At a recent choir rehearsal, it was noticed that the heading for one of the anthems was “In celebration of the 200th anniversary of the founding of Sugar Creek Presbyterian Church, Kettering, Ohio.” Music Director Susan said, “Well then, it’s time for one of  you to get busy writing an anthem.” Why would she say that? Because . . .

          ONE YEAR from now is OUR 200TH BIRTHDAY! From our church history book, written on the occasion of our 150th birthday, in 1974:

“In a meeting held at the school house in Paris, Illinois November 6, 1824, after public worship, the following persons, members of the Presbyterian Church, were by prayer solemnly constituted into a church, by the name of the Presbyterian Church of Paris.” Twelve names are then listed, and on the next day, a Sunday, fourteen more people were examined and admitted to membership.

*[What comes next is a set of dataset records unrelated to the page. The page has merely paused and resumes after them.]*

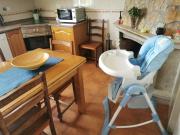 Top Sertã Top Sertã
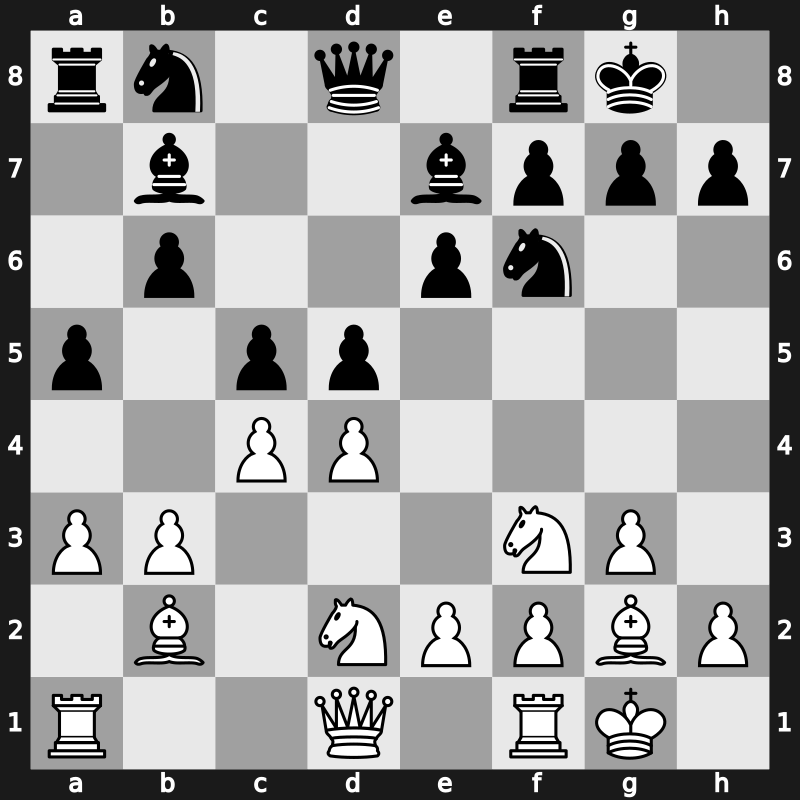 Lindores Abbey Tal Memorial 2021 – Round 6.22 – Ter-Sahakyan, Samvel – 1/2-1/2 – Movsesian, Sergei – G269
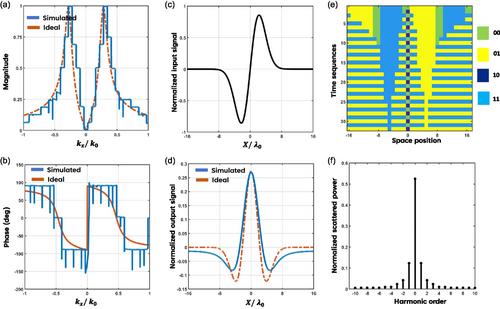 Multifunctional Intelligent Metamaterial Computing System: Independent Parallel Analog Signal Processing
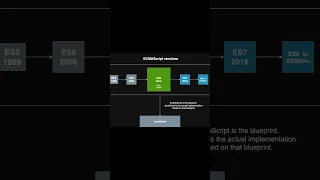 ECMAScript vs JavaScript Javascript version history ES6 Javascript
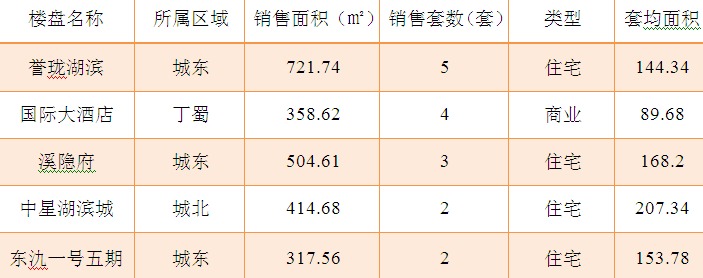 2015年6月9日宜兴楼市成交日报誉珑湖滨居榜首
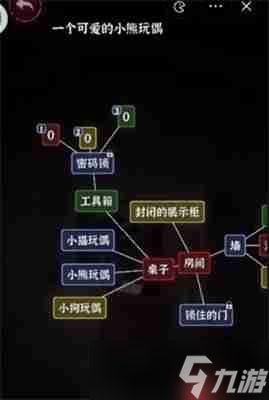 文字逃脱第八关次元空间攻略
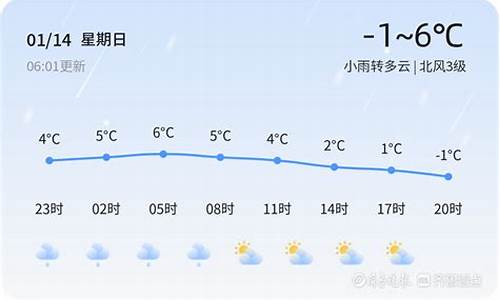 临沂蒙阴天气预报15天查询详情表格下载_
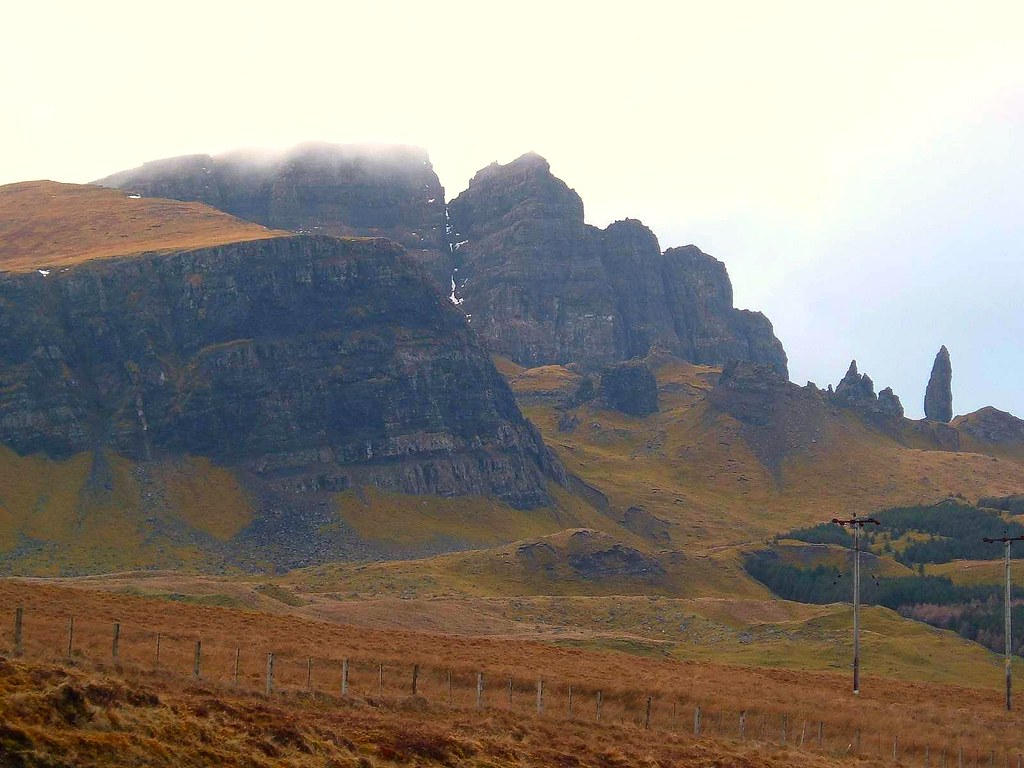 Isle of Skye Scotland cliffs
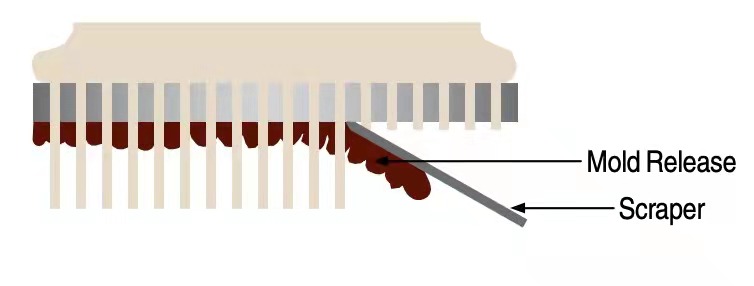 美國進(jìn)口Stoner噴絲頭模具潤(rùn)滑劑S289 擠出合成纖維紡絲模具清潔劑 耐高溫模具噴絲頭潤(rùn)滑劑采用先進(jìn)氣溶膠推進(jìn)劑技術(shù)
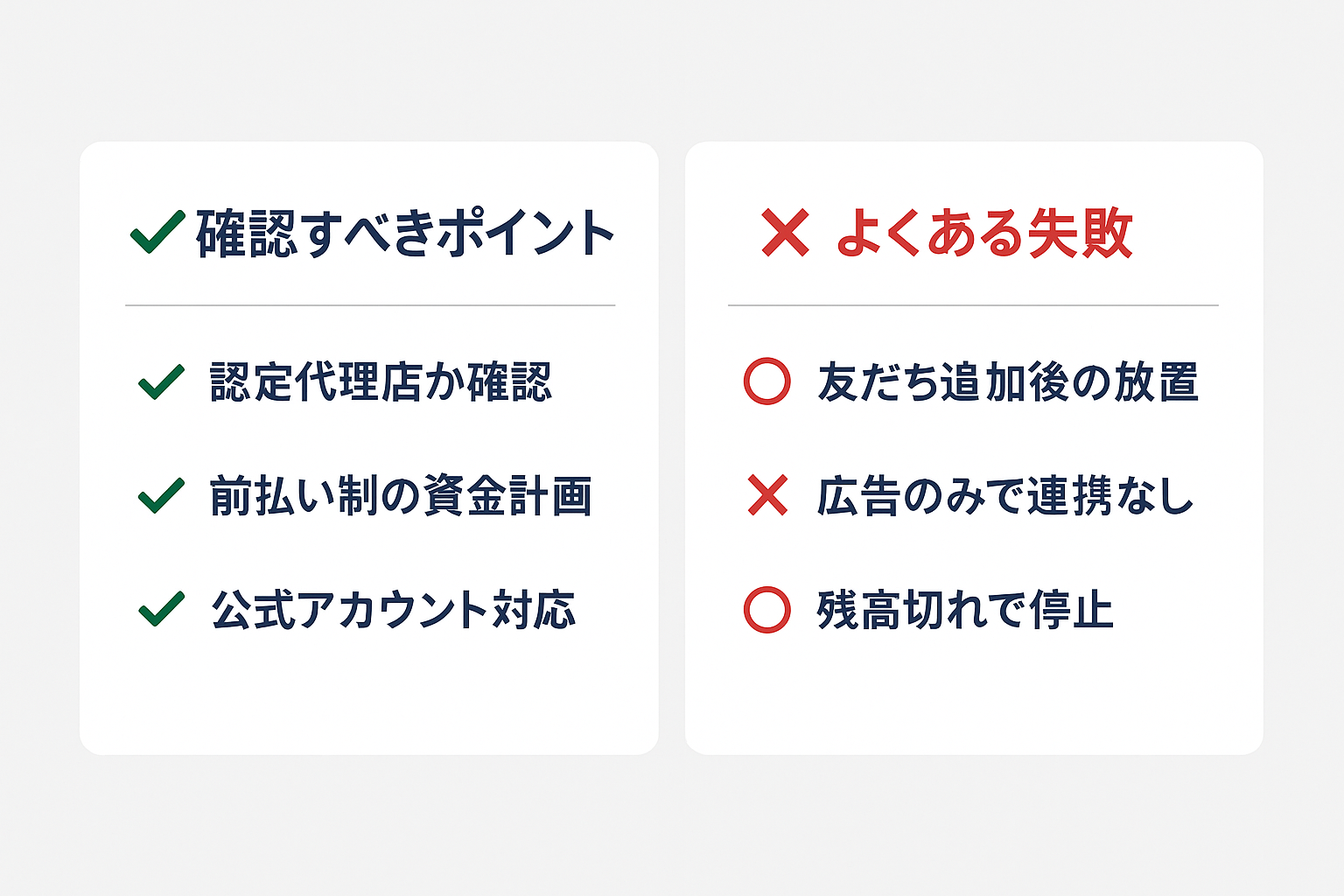 LINE広告運用代行を依頼する際に確認すべきポイント3つとよくある失敗パターン3つを比較した図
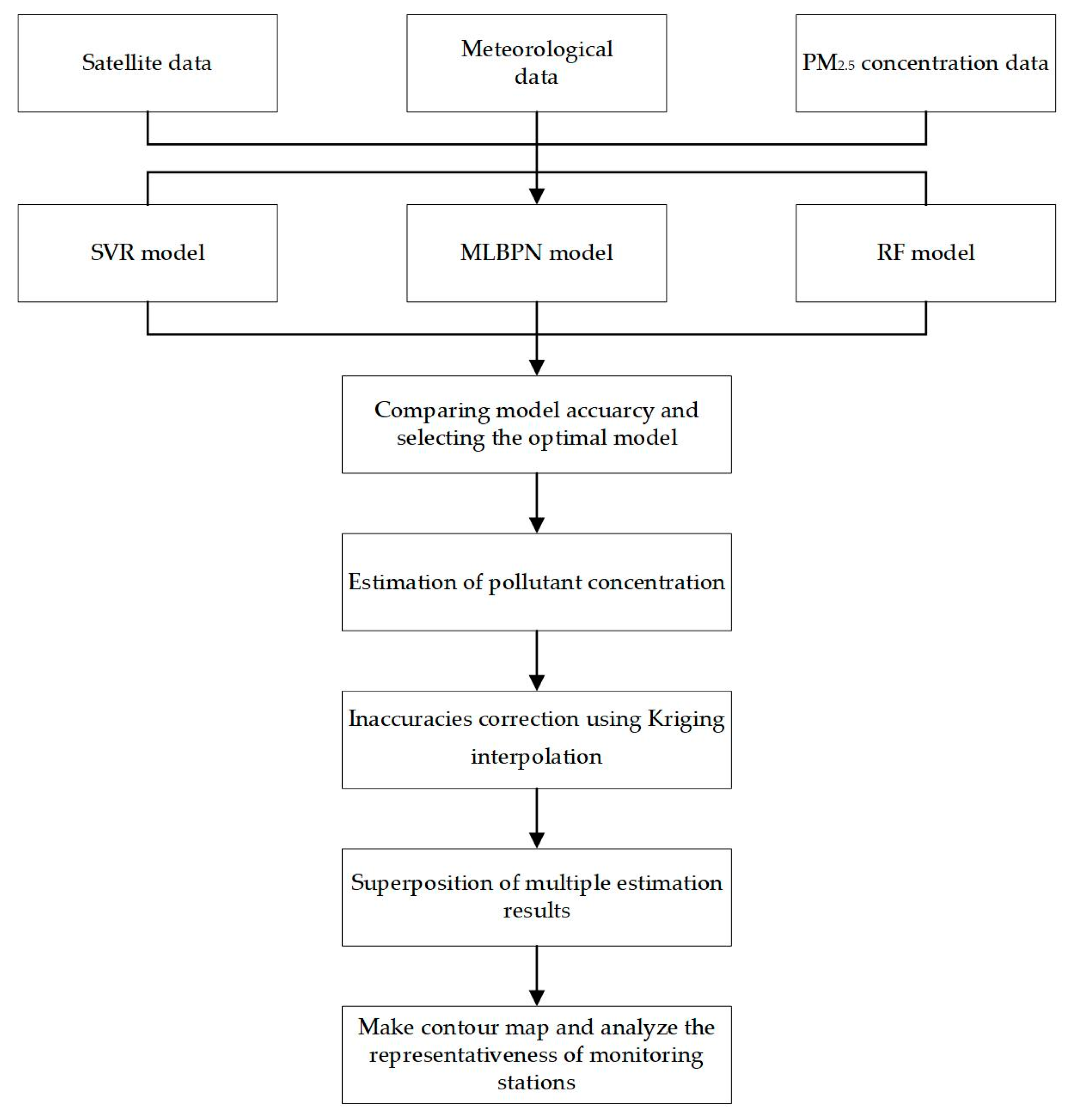Remotesensing 15 03040 g002
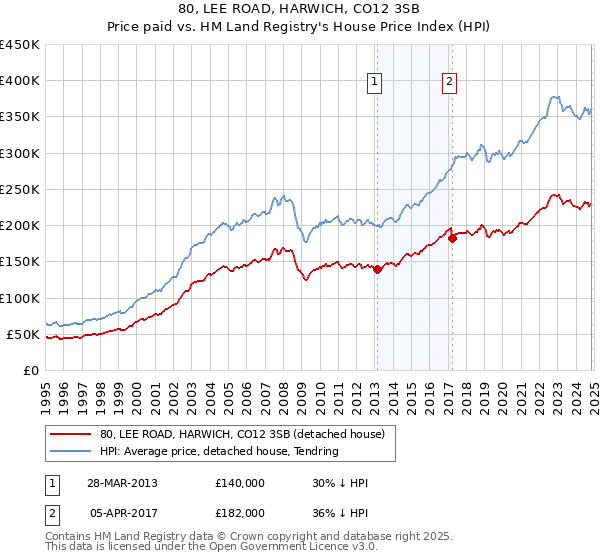 80, LEE ROAD, HARWICH, CO12 3SB: Price paid vs HM Land Registry's House Price Index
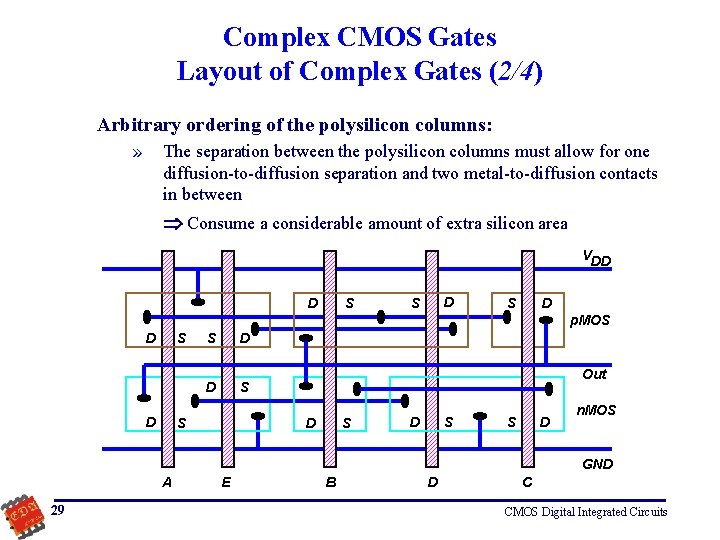 Complex CMOS Gates Layout of Complex Gates (2/4) Arbitrary ordering of the polysilicon columns:
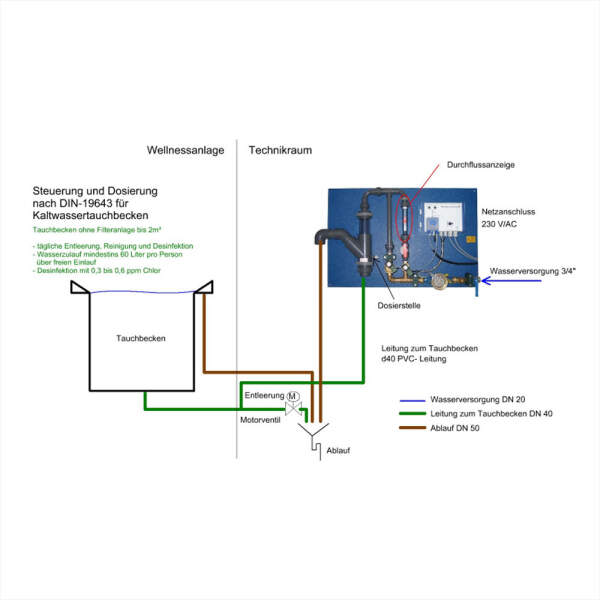 Immersion basin automatic with automatic basin filling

“The services were held in a school house, while preaching a very uncommon solemnity and deep attention prevailed. Numbers were affected to tears. After the sermon the church was constituted.”           “Until 1834 the church was without a building, worshipping in the court house, school house, in private homes, or in a grove of black walnut trees on the east side of N. Main Street. The log school house in which the church was organized was on Washington Street; services were held once or twice a month by Rev. Montgomery, a Presbyterian minister who came across the prairie on horseback from near where Oakland stands.”

      “The first church building, a plain brick structure on a sandstone foundation, was erected on a lot at 114 East Washington Street.” You can find a painting, by Jane Bittner, of that building on the piano in the Assembly Room.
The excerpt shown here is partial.